*** Block opens ***

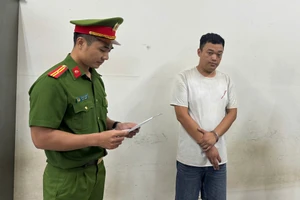 Thái Ngọc Anh tại cơ quan Công an.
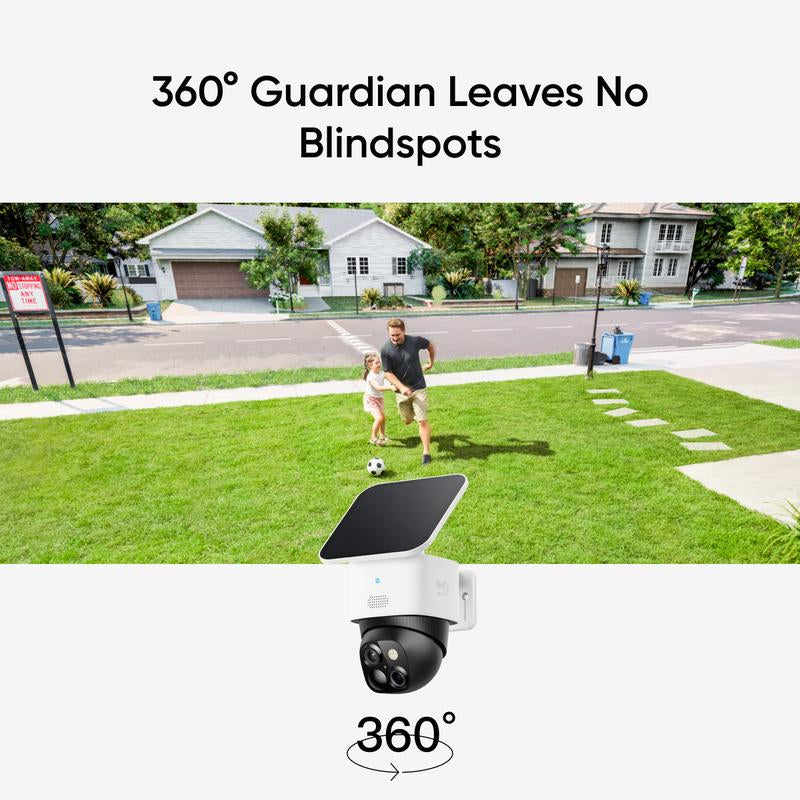【Exclusive Bundle】Eufy Security Solocam S340 360° Pan & Tilt Solar Security Camera 2.4 Ghz Wi-Fi No Monthly Fee Homebase S380 Compatible - Ai Auto Lock and Tracking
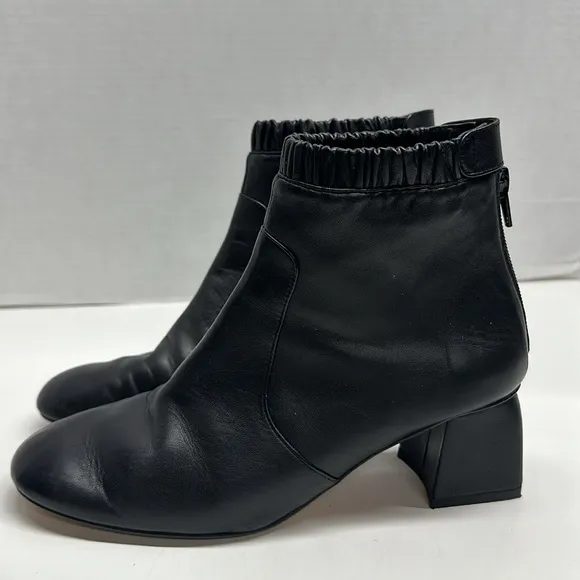 Stuart Weitzman Boots Ankle Booties Leather Square Toe Heeled Zip Black Size 6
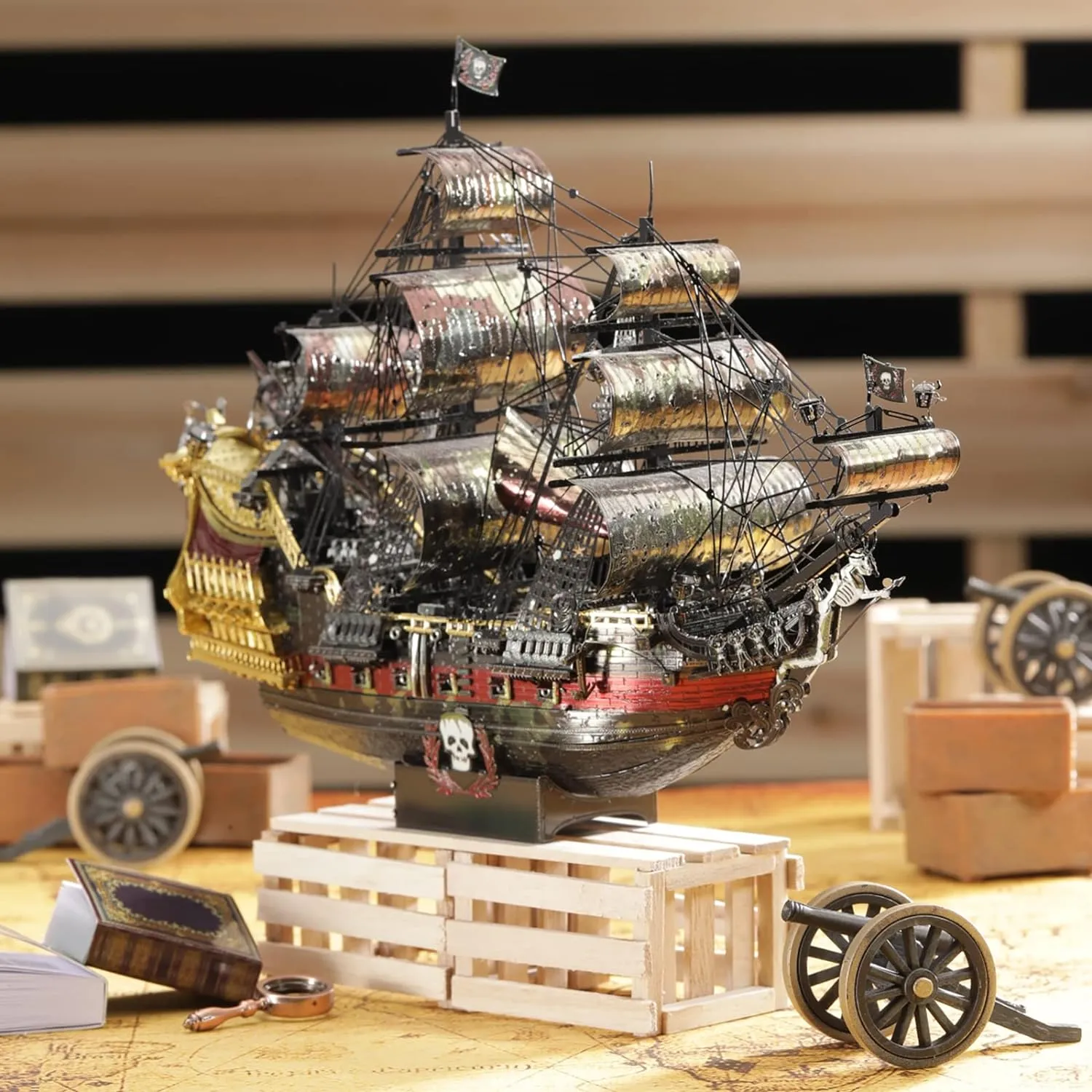 Piececool 3D Metal Puzzles for Adults, The Queen Anne's Revenge Pirate Ship Model Kits, 3D Watercraft Model Building Kit, DIY Craft Kits Difficult 3D Puzzles for Family Time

*** Block closes ***

**What is needed**:
Because the copy must hold no pictures, return only the lines that run from the line containing "Lock and Tracking" to the end of the data above, each exactly as it stands.

**Completed task**:
【Exclusive Bundle】Eufy Security Solocam S340 360° Pan & Tilt Solar Security Camera 2.4 Ghz Wi-Fi No Monthly Fee Homebase S380 Compatible - Ai Auto Lock and Tracking
 Stuart Weitzman Boots Ankle Booties Leather Square Toe Heeled Zip Black Size 6
 Piececool 3D Metal Puzzles for Adults, The Queen Anne's Revenge Pirate Ship Model Kits, 3D Watercraft Model Building Kit, DIY Craft Kits Difficult 3D Puzzles for Family Time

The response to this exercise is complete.